ネットワーク用語でスヌーピング(snooping)とスプーフィング(spoofing)という用語があります。いまいち混乱するので(僕だけかもしれませんが)覚書です。
まず、スヌーピングとスプーフィングの意味について。
【snoop】(スヌーピングの動詞)
意味:詮索する、嗅ぎ回る。ネットワークの分野で使うときは「盗み見る」という意味あいで使われる。
【spoof】(スプーフィングの動詞)
意味:だます、偽る。ネットワークの分野で使うときも「だます」という意味あい。
で、スヌーピングやスプーフィーングが使われるネットワーク用語には以下のものがあります。
■スヌーピング
DHCPスヌーピング、IGMPスヌーピング、など。思いつくのはこれぐらい。
DHCPスヌーピングがどういうものかというと、スイッチが搭載している機能のことです。DHCPパケットを「盗み見」して、不正なDHCPサーバーからのIPアドレスの払い出しを防ぐ機能です。スイッチには正規のDHCPサーバーがつながっている信頼できるポートを設定して、そこから払い出されたIPアドレスを各ポート(クライアント)に転送します。ちなみに、不正なDHCPサーバーになりすまして偽のIPアドレスを払い出す攻撃をDHCPスプーフィングと言います。

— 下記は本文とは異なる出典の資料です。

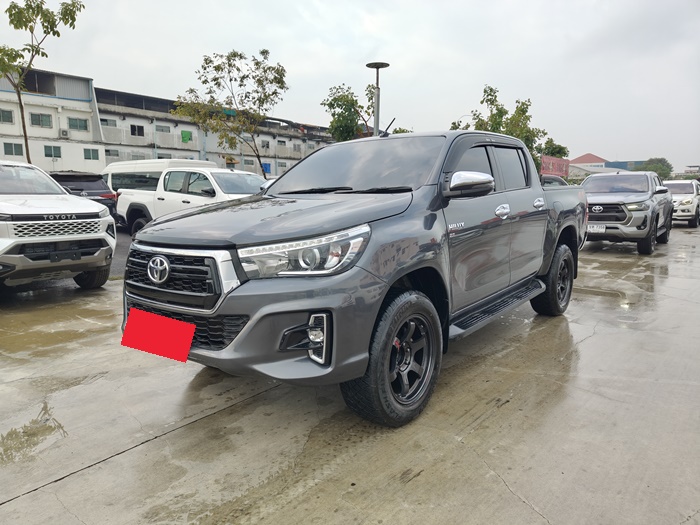 TOYOTA Hilux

IGMPスヌーピングについてですが、これもスイッチが搭載している機能のことです。スイッチはマルチキャストパケットを「盗み見」して、マルチキャストを受信するクライアントにのみパケットを転送する機能です。通常、マルチキャストパケットはスイッチの全ポートにフラッディング(転送)されるのですが、それでは不要なパケットをクライアントに渡してしまうためスイッチで抑制できるようにしています。前回の記事の後半でIGMPスヌーピングについて書いているので見てみてください。
■スプーフィング
ARPスプーフィング、IPスプーフィング、など。
ARPはIPアドレスからMACアドレスを解決するプロトコルですが、ARPスプーフィングはこのARP要求に対して偽のARP応答を返すことです。攻撃手法として使われます。これにより正しくないARPテーブルのエントリが作成されてしまい、本来の通信先ではない相手にパケットが送られることになります。ただセキュリティ製品の中には意図的にこの仕組みを使っているものもあって、わざとパケットを自分に向けて(自分を通すようにして)パケットをチェックしたりしています。
IPスプーフィングは、送信元のIPアドレスを偽のものにしてパケットを送ることです。こちらはほぼ攻撃目的で使われることが多いと思います。DoS攻撃の際など送信元のIPアドレスを偽って、攻撃者の特定を困難にしたりします。